Erik:

To deny gays and lesbians the ability to register any sort of civil union with the appropriate state authorities — notice I didn’t say marriage necessarily — because of the fear that this policy will weaken heterosexual marriage is to use gays and lesbians as means to an end rather than treating them as ends in and of themselves as fellow citizens. That is, to deny them some kind of standard-form contract to order their affairs as couples, even though the marriage standard-form contract is offered by the states to heterosexual couples in part to accomplish that end (I know the purpose goes beyond that, but it includes that, obviously), is to suggest that their practical needs and personal wishes are to be set aside for the sake of a general societal good.

In a free society, I would argue, that is simply wrong. Whether a large or small number of gays and lesbians ever get civil unionized is, on this point, irrelevant. Some number would evidently like to do so to address some practical problems of ownership, inheritance, visitation, parental rights, etc, and some of these inevitably deal with public institutions. BTW, I don’t think it is at all feasible, even if it were wise, to separate the state from these issues altogether at this point in American history.

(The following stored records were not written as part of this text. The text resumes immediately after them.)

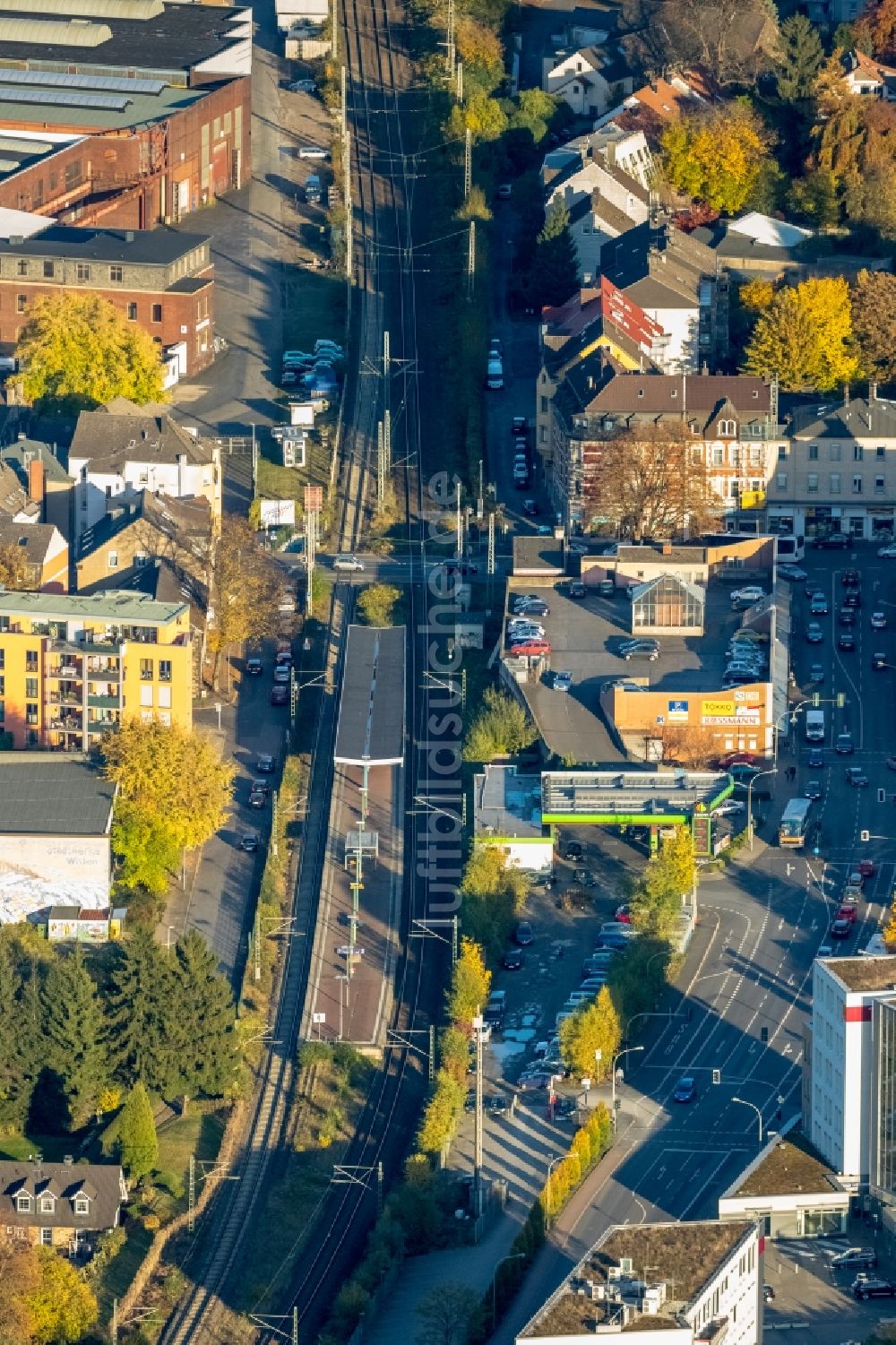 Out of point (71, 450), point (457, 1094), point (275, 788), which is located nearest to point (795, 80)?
point (71, 450)

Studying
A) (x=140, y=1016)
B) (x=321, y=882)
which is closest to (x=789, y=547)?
(x=321, y=882)

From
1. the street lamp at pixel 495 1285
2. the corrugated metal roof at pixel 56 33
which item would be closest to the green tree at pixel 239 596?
the street lamp at pixel 495 1285

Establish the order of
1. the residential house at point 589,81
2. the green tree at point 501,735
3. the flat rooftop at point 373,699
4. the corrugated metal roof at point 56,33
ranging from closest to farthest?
the green tree at point 501,735 → the flat rooftop at point 373,699 → the residential house at point 589,81 → the corrugated metal roof at point 56,33

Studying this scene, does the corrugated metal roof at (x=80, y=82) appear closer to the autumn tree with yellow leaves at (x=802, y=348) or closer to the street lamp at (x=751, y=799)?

We have hundreds of years of common law and many thousands of statutes that assume state-sanctioned marriages and base policies and decisions on them.

The argument is that to expect gays and lesbians to have to bear the cost of addressing all of these complex issues through lawyers and individual contracts, when other citizens have recourse to simple rules and standard-form contracts, is unjust.

See, you sucked me into yet another post on this issue. Shame on you!